I'm afraid I don't really fall into the quaint English village mystery ideal, much as I watched "Midsomer Murders" in its earlier seasons. To me, murder is easy: it's getting away with it that is hard. Detecting it is even harder, because you start off pitying the corpse and then you start unearthing facts about it and you begin to realize that the person was really a blackguard and he probably deserved very nearly what he got, and then you have to find the murderer, with whom you have begun to sympathize, and you have to turn them over to the law, and you have to watch them hanged. And then you realize that it isn't all happy hunting for clues. People got hurt. People keep getting hurt. Everything is simply wretched, and if it weren't for your infernal desire to ferret out the truth you would have had done with the whole nasty business long ago.
the questions from the tag, which are a little less serious-serious
1. You are writing a mystery novel and decide to base the detective off of one of your writing friends: whom do you choose?
To be an effective detective he or she would have to be based on Abigail, because she is so eminently logical and also because, being a huge fan of Sherlock Holmes, she has “read the right sorts of books.”
2. If you and the best of your writing-blog friends were living out a mystery, which of you would be most likely to end up as the victim?
That depends on who the murderer was, what was the provocation, and the means presented for the crime. Lots of different people would like to kill lots of different people for lots of different reasons. Knowing myself better than I know anyone else, I can readily imagine someone wanting to murder me, and if the plan went off without a hitch and I did not end up committing a violent act of self-defence (yeah, that’s funny), I would probably be killed so that someone could steal my “muse of fire,” and then I would have to come back as a ghost and team up with Abigail to get my muse back.
“My first girlfriend turned into the moon.”3. If you decided to write a mystery (or if, on the other hand, you do write mysteries) would your style fall under thriller, terror, literary, historical or cosy?
“That’s tough, buddy.”
I actually do plan on writing a murder mystery, and have had it pending for some time. “Cosy” and “literary” probably do not apply. “Historical” may apply in a rough sense; I think it will cut a line through thriller, terror, and horror. Not one to do things by halves.

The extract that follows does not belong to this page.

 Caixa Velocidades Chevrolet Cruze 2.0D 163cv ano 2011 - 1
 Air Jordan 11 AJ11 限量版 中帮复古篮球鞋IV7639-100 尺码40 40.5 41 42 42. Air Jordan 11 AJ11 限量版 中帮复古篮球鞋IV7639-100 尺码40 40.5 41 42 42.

4. Who is your favourite mystery author?
I haven’t read much beyond Dorothy Sayers (one Agatha Christie and two Arthur Conan Doyle mysteries), and I have to confess, I’m not really a mystery reader. In a faintly interested sort of way I want to know who the body is and who killed the cat and why, and naturally I prefer to see justice done; but in general I am captivated by the detective. Someone bowled my heart at Lord Peter Wimsey and he cracked it out of the field. I love reading his exploits, and I love the way Dorothy Sayers knows what life is like and grabs the bull by the horns. I rather suspect her character Harriet Vane is a picture of herself in some respects. She knows people; she knows sin and depravity and grace and redemption and she isn’t afraid to strip the romantic pall off murder. She doesn’t do things by halves, and I really appreciate that.
“Do I look like a killer to you?”5. What is the best mystery you've ever read?
“Everyone looks like a killer to me.”
I don’t feel qualified to define the best mystery, so I will say that the mysteries I most enjoyed were The Scarlet Pimpernel, The Man Who Was Thursday, and Gaudy Night.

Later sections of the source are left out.